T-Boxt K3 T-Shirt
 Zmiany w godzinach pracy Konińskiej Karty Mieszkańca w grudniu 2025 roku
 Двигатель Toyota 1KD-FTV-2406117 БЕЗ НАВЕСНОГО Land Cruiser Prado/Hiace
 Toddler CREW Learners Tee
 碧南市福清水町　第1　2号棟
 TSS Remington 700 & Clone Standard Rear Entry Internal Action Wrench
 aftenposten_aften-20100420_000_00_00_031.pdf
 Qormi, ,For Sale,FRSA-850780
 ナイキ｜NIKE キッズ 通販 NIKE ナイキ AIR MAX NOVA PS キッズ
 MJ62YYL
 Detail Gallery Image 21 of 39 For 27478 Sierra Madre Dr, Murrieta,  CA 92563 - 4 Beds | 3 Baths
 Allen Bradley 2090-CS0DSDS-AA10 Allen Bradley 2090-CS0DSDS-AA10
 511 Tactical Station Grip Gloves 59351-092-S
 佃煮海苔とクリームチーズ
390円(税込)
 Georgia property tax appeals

Exercise requirements: Each line of the material must be restated exactly.

Output for this task:
T-Boxt K3 T-Shirt
 Zmiany w godzinach pracy Konińskiej Karty Mieszkańca w grudniu 2025 roku
 Двигатель Toyota 1KD-FTV-2406117 БЕЗ НАВЕСНОГО Land Cruiser Prado/Hiace
 Toddler CREW Learners Tee
 碧南市福清水町　第1　2号棟
 TSS Remington 700 & Clone Standard Rear Entry Internal Action Wrench
 aftenposten_aften-20100420_000_00_00_031.pdf
 Qormi, ,For Sale,FRSA-850780
 ナイキ｜NIKE キッズ 通販 NIKE ナイキ AIR MAX NOVA PS キッズ
 MJ62YYL
 Detail Gallery Image 21 of 39 For 27478 Sierra Madre Dr, Murrieta,  CA 92563 - 4 Beds | 3 Baths
 Allen Bradley 2090-CS0DSDS-AA10 Allen Bradley 2090-CS0DSDS-AA10
 511 Tactical Station Grip Gloves 59351-092-S
 佃煮海苔とクリームチーズ
390円(税込)
 Georgia property tax appeals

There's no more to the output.